As he turns around to go, I can feel his hand on my back. How that is possible with the distance between us, I don’t know. But I do let myself fall down from the glass roof, I land on the floor beneath me. It doesn’t hurt. I just lie there in a pile of deep, deep sorrow. I know I have to let them go now. I know it is time.

And that makes me cry even more.

Cosmic Backyard’s Delayed Christmas Calendar 2017 //
Cosmic Journey:
Christmas Corner Part 19

Self-Worth and Herbs.

I breathe in slowly, close my eyes and try to focus on the task. As I breathe, I work hard with keeping my hands steady, breathing in warmth through them, out to this individual on the floor. I must remember how to breathe in, to choose the way of breathing. As I feel the air filling my lungs, I get the sensation of relaxing. My hands are warm, and the connection between this person lying there and me is tied up with threads of energy.
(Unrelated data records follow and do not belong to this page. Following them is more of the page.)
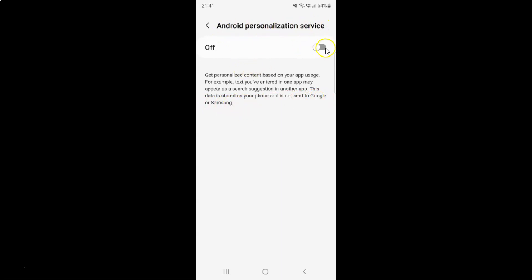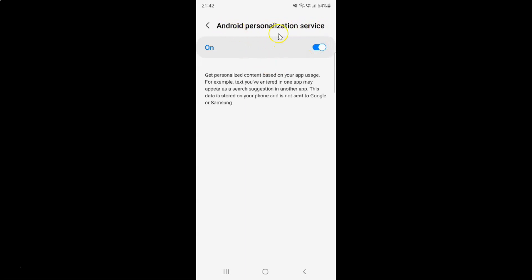To turn on Android personalization service, you have to turn on this toggle button. Tap on it so that this slider moves to the right. Let me show you. Let me tap on it. You can see Android personalization service is turned on.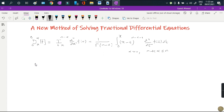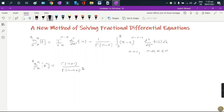Using this definition, as we have seen in previous lectures, if we want to take the Caputo derivative of order alpha of x^n, it equals Gamma(n+1) over Gamma(n minus alpha plus 1) times x^(n minus alpha), where n is greater than negative 1 and alpha is positive. We have used this formula before and we will use it here to solve the fractional differential equation.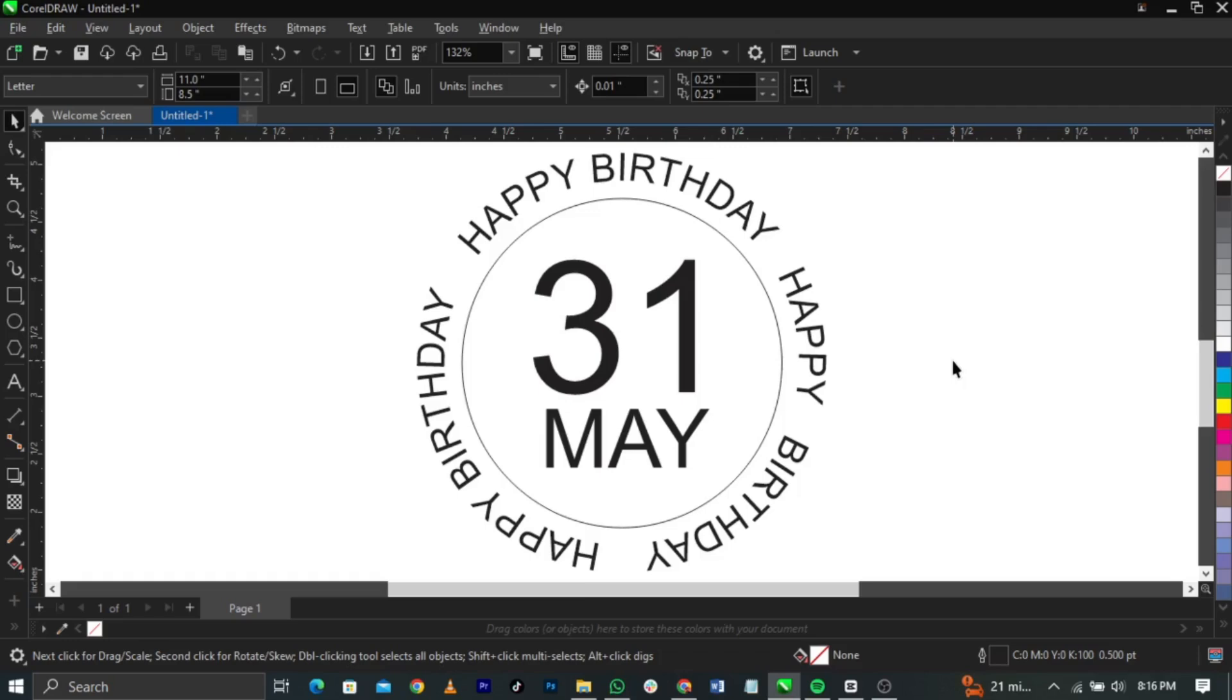For those of you who are still waiting for CorelDRAW 2024, it's still uploading. It's a very large file, please bear with me. I'm going to share it with you guys once I'm done. Thank you and see you guys in my next video.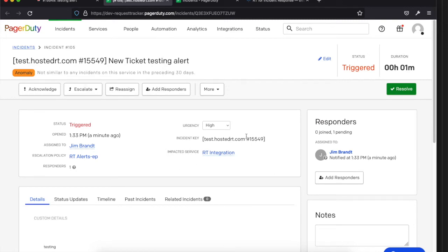The incident has a bunch of information in it — you can see it got some information from RT with the ticket ID, and it pulled over the subject, so there's information that came over from RT on this side of the system. If I was set up with this on my phone, I might have gotten an alert already. So we've seen the create works: it calls over from RT and creates an incident over here.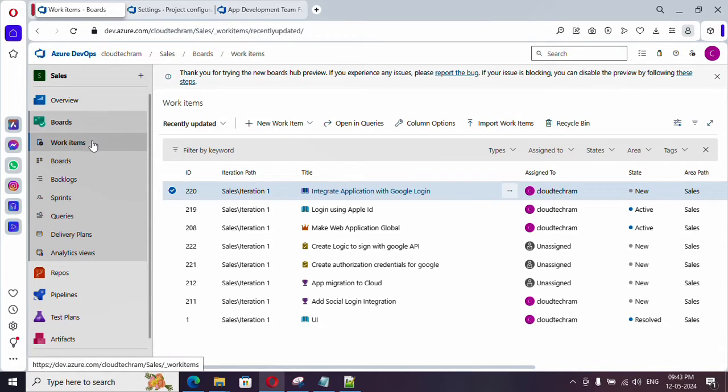In our last videos we have seen about the work item tab and we have created various work items. In this video what we are going to see is area path and team.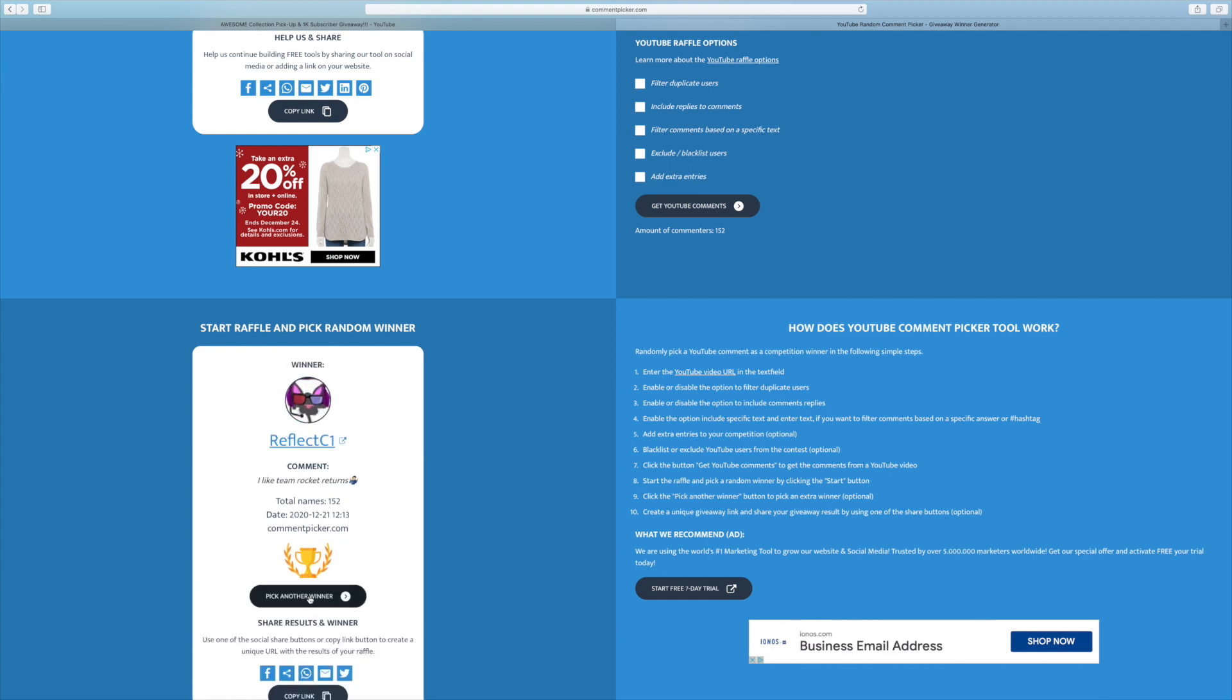The fifth winner, Reflect C1. I like Team Rocket Returns. Oh, that's an interesting one. I would not have thought of that one there. But yeah, definitely a solid pick right there.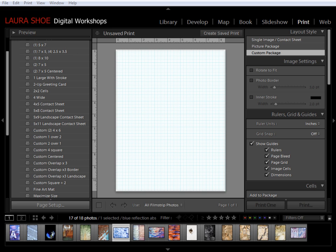Welcome everybody. In this video, I'm going to talk about the custom package layout style here in the print module.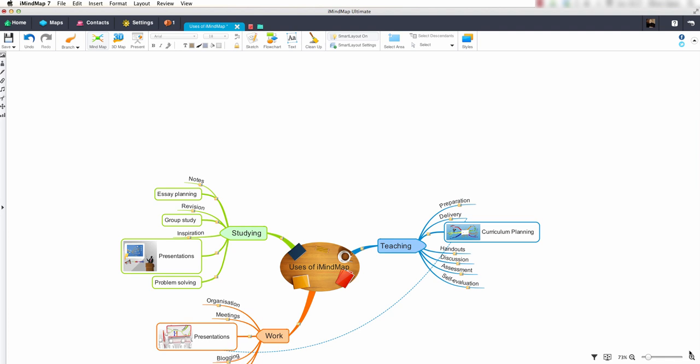Hello and welcome to this iMyMap7 video tutorial. In this video tutorial we will be looking at how to use the insert target to quickly insert images, central ideas, floating text and flowchart objects. Let's take a look at how we can do this.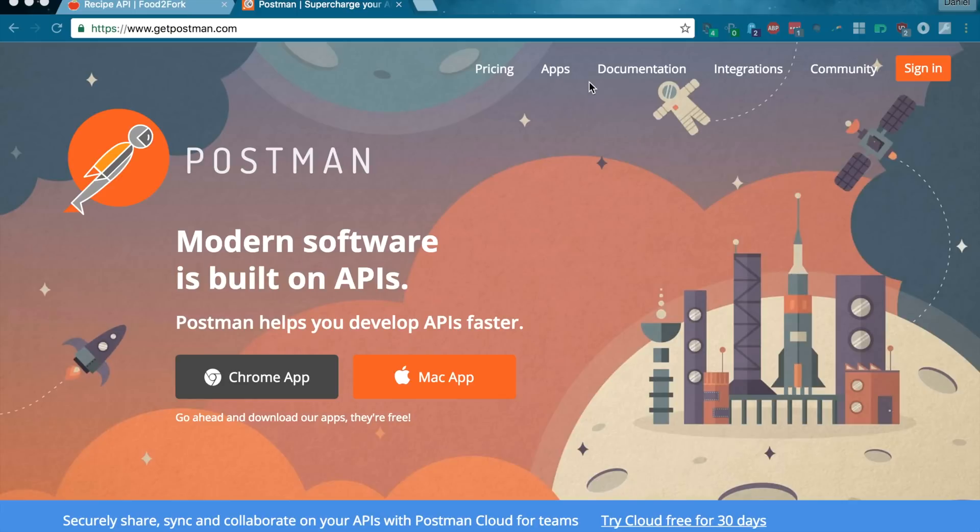Hey everyone, in this video we're going to be looking at Postman — what it is, why it's really cool, how you can get started using it, and some cool stuff that you can do with it.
Then, I peek. I look at the two others who are sitting there, consumed by their concentration. I feel how they are centered – their mere presence makes me calm and content. That is when it hits me – I do not belong here – I am not good enough for this task – I am not enough.

The patient gasps, his eyes open, it looks like he is in great pain. The other two wake up from their trance – they look at him, comfort and keep him down and steady – but I, I want to withdraw my hands. Something keeps me in place, though. This feeling of not wanting to abandon me again. I have done that so many times before, each time more painful than the other – but I can change, and I want it to be different from now on. I know I cannot keep too big promises as I am a mere human being – but I can have the will and the true wish of wanting to change.

The picture dissolves. The temple is gone, so is the patient and the other two Therapists. I am left kneeling on a field of grass, summer wind touches my hair, sun laughs at my skin. I have a yellow dress, I want to stand up, but instead, I let myself fall to the ground – My face rests in the grass straws, some flowers, a couple that I have seen before – others not. I smell, I let my hands and fingers dig into the soil and roots, I release out a relieved sigh as I feel that I belong.

When I roll around to face the sky and its answers, I see the last therapist stand there, looking down at me with a smile. I get up. In his hands, I can see several plants – or herbs – peeking up from his fingers.

“It is good to have decided to want to change. The question is: what to do next? Not to get caught up in that question forever – just for a little while.”

He hands me the herbs, and as I feel their consistency within my hands, the landscape changes once again. Now, I sit on a roof, made out of glass. I can see my own Cosmic Backyard from here – my cozy fireplace, the observatory, the alien herbarium at the very beginning of the guiding tour… Those three herbs sparkle in a way, I have to pick them up and study them. Three different shapes, characteristics. While one is transparent, the other is light red, and the third is more of a purple color.

As I study the herbs in my hands, I notice that someone is looking at me from the antique living room. I can see that it is my very old alien guide and great friend – T’lar.